This edgy, high-speed memoir careens from droll humour to meditations on culture, language, love and identity. Knighton writes candidly and without censorship about his initial resistance to accepting his impairment, passing as sighted when picking up girls in bars or driving a forklift - an astonishing deceit pushed to breaking point when working as a sighted teacher in South Korea.

But this is not an impairment-hating tale full of pity and longing for a previous, non-disabled self. With Knighton's changing sensory perception comes a radical shift in consciousness. He writes with piercing acuity about fear and imagination; presence and absence - how the altered body impacts on relationships, the sense of self and its place in the world. As he has embodied knowledge of both sensory experiences, he writes well on the human condition, his ruminations revealing the visually impaired and sighted worlds in all their absurd and wonderful peculiarities.

“Where I live is a state of mind, quite literally” he writes, describing the making of mental maps, memorising his neighbourhood in excruciating detail. “It's a matter of defiance, even delusion. Memory keeps me from being as thoroughly blind as I am. When you can't see, nothing seems to exist in a city or landscape if it isn't in mind already”. When, on a rare excursion off his known patch, he encounters muggers who change their mind when they see his white cane, he is bitter about the experience. He describes it as a loss of dignity, for “discrimination feels like discrimination, even when it's for the best”.

He claims that with bodies "collectively so idiosyncratic and uncooperative", blind and visually impaired people are anarchic, as “we have an incomparable ability to throw a wrench in bureaucracy, whether we mean to or not”, which must be a comfort to the former rebel. Daily experience entails being accosted by things that hurt - chairs, half-open doors, dogs mistaking his cane for a stick: “…the bodies of the blind grow more and more conditioned. We rebound from the world, suck up the sting and push ahead”. And Knighton does so with a mordant wit, quoting a friend's response to a particularly beaten-up day: “Well, kid - you ain't pretty, but you're sure hard to kill”.

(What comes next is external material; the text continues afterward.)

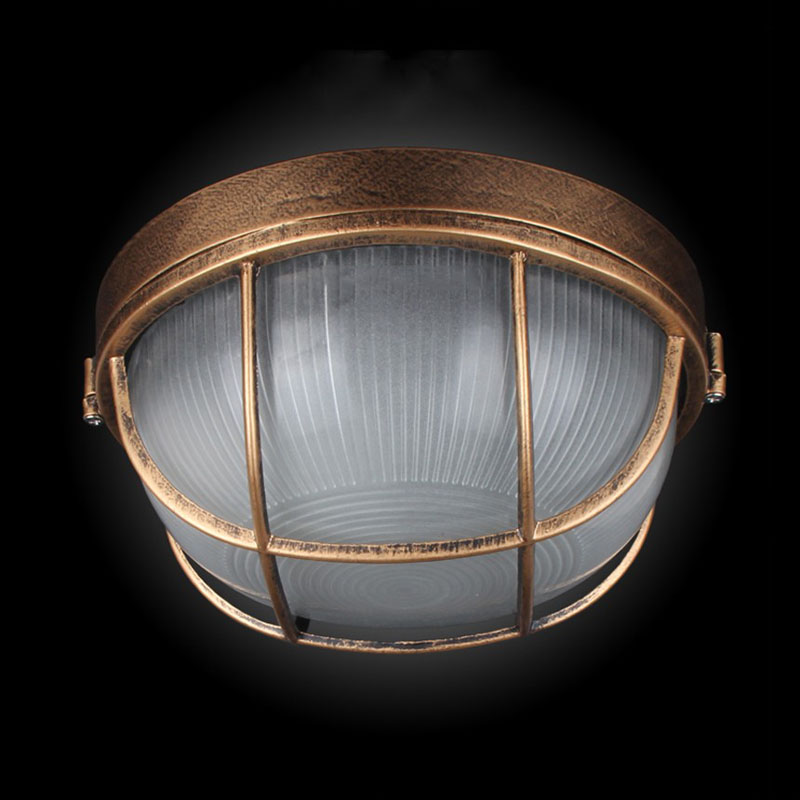 Vintage Outdoor Ceiling Lamp,B - Outdoor Lighting Amazon 评论和价格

He is particularly good on the impact visual impairment has on language, spatial awareness and everyday interactions. He describes disappearing into the words others around him use - "this, that, here, there" - vanishing in a space that is unknown and unspecified. Where is "just over there"? What is "this"? Who is "you"? The use of this pronoun assumes the addressee will recognise themselves in language, but Knighton maintains visual impairment reduces the powers of identification. He jokes about a conversation with blind friends as sounding like a rehearsal for the film Taxi Driver: “You talking to me? You talking to me?” Unless addressed specifically by name, the blind or visually impaired individual vanishes in company.

It is a similar situation when being talked about in the patronising and distancing third person: “The feeling is one of deliberate dissociation, becoming him all the time. My excavation is performed with the basic tool of a pronoun. In "him" I'm disappeared, instead of being brought into definition. "He" is not here, either, like "you". Like "me" he says.

But this memoir will ensure Knighton's visibility in the publishing world. Already garlanded with praise in his native Canada and the US, Cockeyed is set to make Ryan Knighton a poster boy for inclusivity, geared for mainstream consumption, but with a provocative crip humour and perspective informed by his experience of impairment.

The journey in this memoir is exhilarating and reflective - a road trip to disability consciousness, riding shotgun with a philosopher, phenomenologist, poet and punk.